Background/Purpose: Clinical studies have shown that the efficacy of TCZ monotherapy (TCZ mono) is superior to that of TNFi monotherapy and comparable to that of TCZ in combination with MTX. The objective of this study was to compare the effectiveness of TCZ mono vs TNFi plus varying doses of MTX in patients with rheumatoid arthritis (RA) and prior exposure to TNFi in routine clinical practice.

Methods: Eligible participants were TCZ-naïve patients from the Corrona RA registry who had prior exposure to ≥ 1 TNFi, initiated TCZ mono or a TNFi + MTX between 2010 and 2016 and had a 6-month follow-up visit. The primary outcome was mean change from baseline in Clinical Disease Activity Index (CDAI) at 6 months. Secondary outcomes included achievement of low disease activity (LDA; CDAI ≤ 10) at 6 months. Patients initiating a TNFi + MTX were grouped by MTX dose (≤ 10 mg; > 10 to ≤ 15 mg; > 15 to ≤ 20 mg; > 20 mg); outcomes in each group were compared with those initiating TCZ mono using trimmed populations, excluding patients outside the propensity score (PS) distribution overlap (not on common support). The PS included age, sex, race, body mass index, smoking status, work status, disease duration, concomitant prednisone use/dose, prior biologic use, American College of Rheumatology functional class and baseline modified Health Assessment Questionnaire, CDAI and patient pain scores. As a sensitivity analysis, stratified-matched populations were created (stratified by 1 vs ≥ 2 prior biologics, then matched on PS). Linear and logistic regression models were estimated in the trimmed populations, adjusting for the same covariates as in the PS.
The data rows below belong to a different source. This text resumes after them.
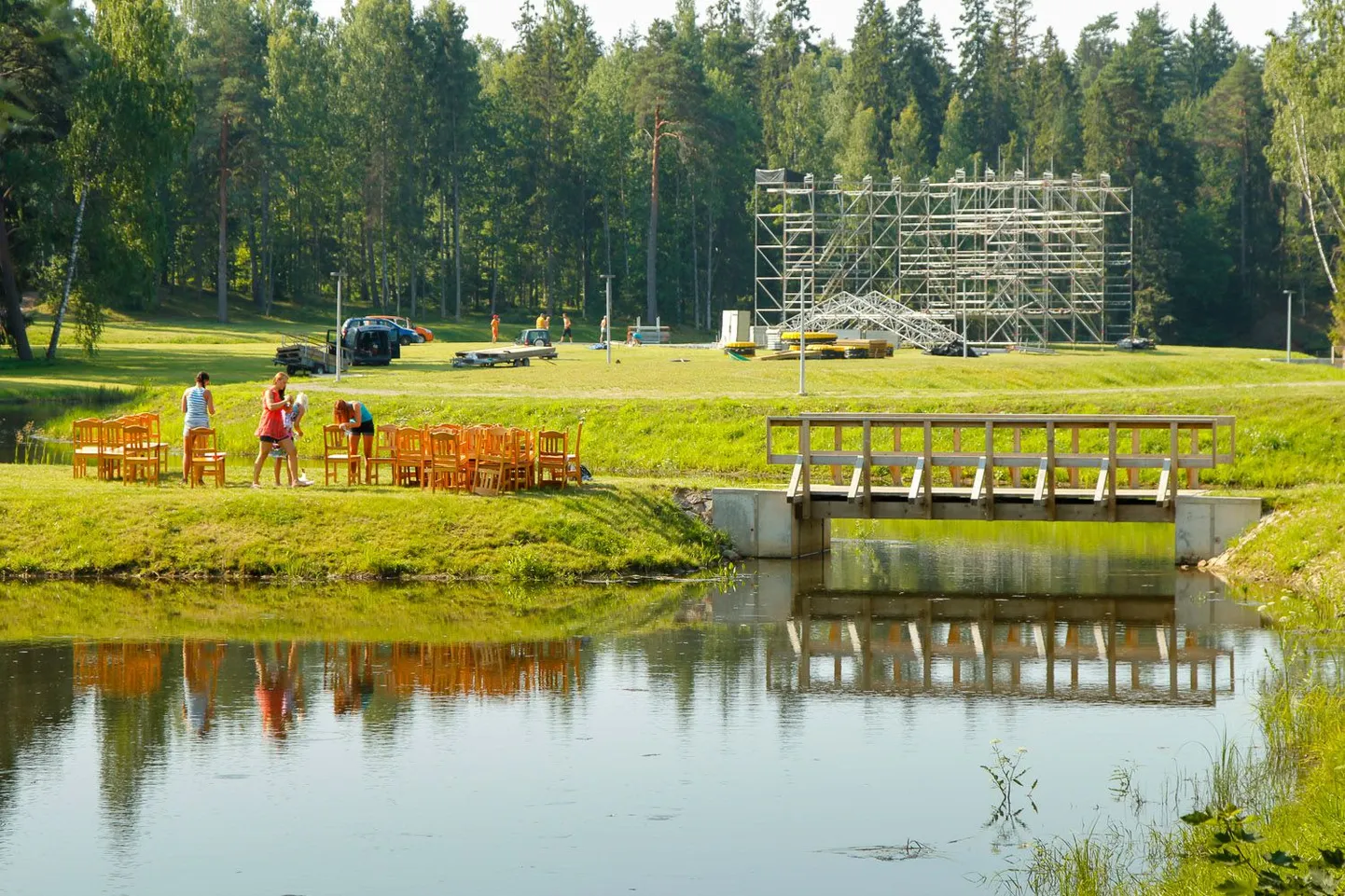 Tõrva Loitsu tarbeks kerkib suur lava.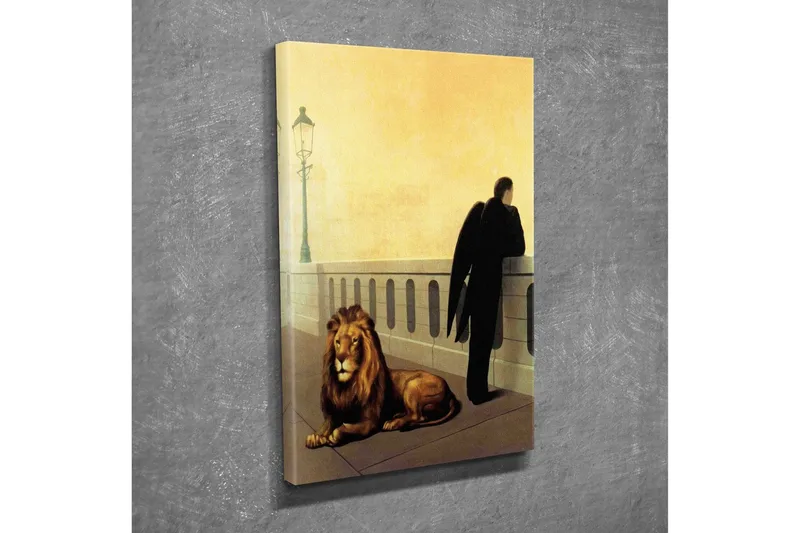 Canvastavla - Mörkklädd man med vingar som står vid en räcke, med en lejon som ligger ned bredvid honom - Guld / Svart / Brun - Inredning - Tavlor & posters - Canvastavla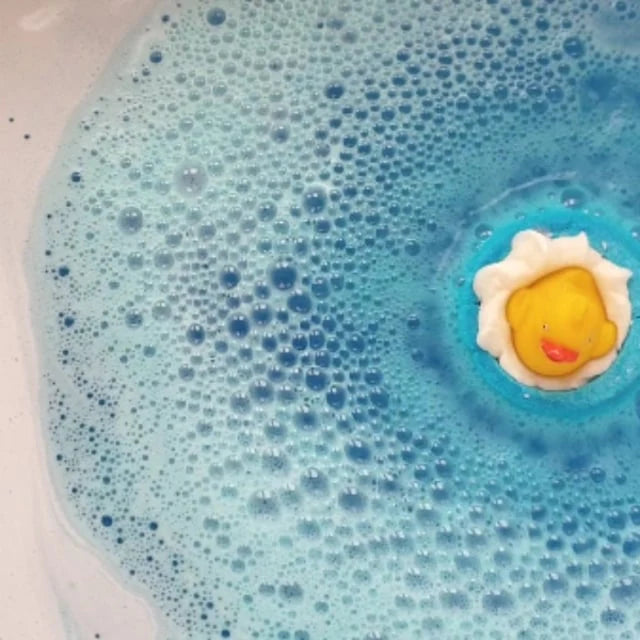 Pool Party Bath Blaster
Results: Baseline demographics were generally comparable between the TNFi + MTX groups and their matched TCZ mono groups. Overall, the mean age was 54 to 59 years, and the mean disease duration was 10.5 to 15 years. A higher proportion of patients initiating TCZ mono had received ≥ 3 prior biologics compared with those initiating TNFi + MTX. Patients initiating TCZ mono had significantly longer mean disease duration than those initiating TNFi + MTX > 15 to ≤ 20 mg (13.0 vs 10.5 years) or TNFi + MTX > 20 mg (12.3 vs 9.3 years) and a higher mean baseline CDAI than those initiating TNFi + MTX ≤ 10 mg (28.1 vs 25.4). Patients in all groups had improvement in CDAI scores at 6 months. In adjusted models, improvement in CDAI and the likelihood of achieving LDA were similar between the TCZ mono group and all TNFi + MTX groups (Table 1). Similar results were observed in the PS-matched cohorts.

Conclusion: TCZ mono was as effective as TNFi + MTX, regardless of MTX dose, for improving disease activity in patients with prior TNFi exposure. These data suggest that TCZ mono is an effective treatment option for patients with RA who cannot tolerate or prefer not to use MTX.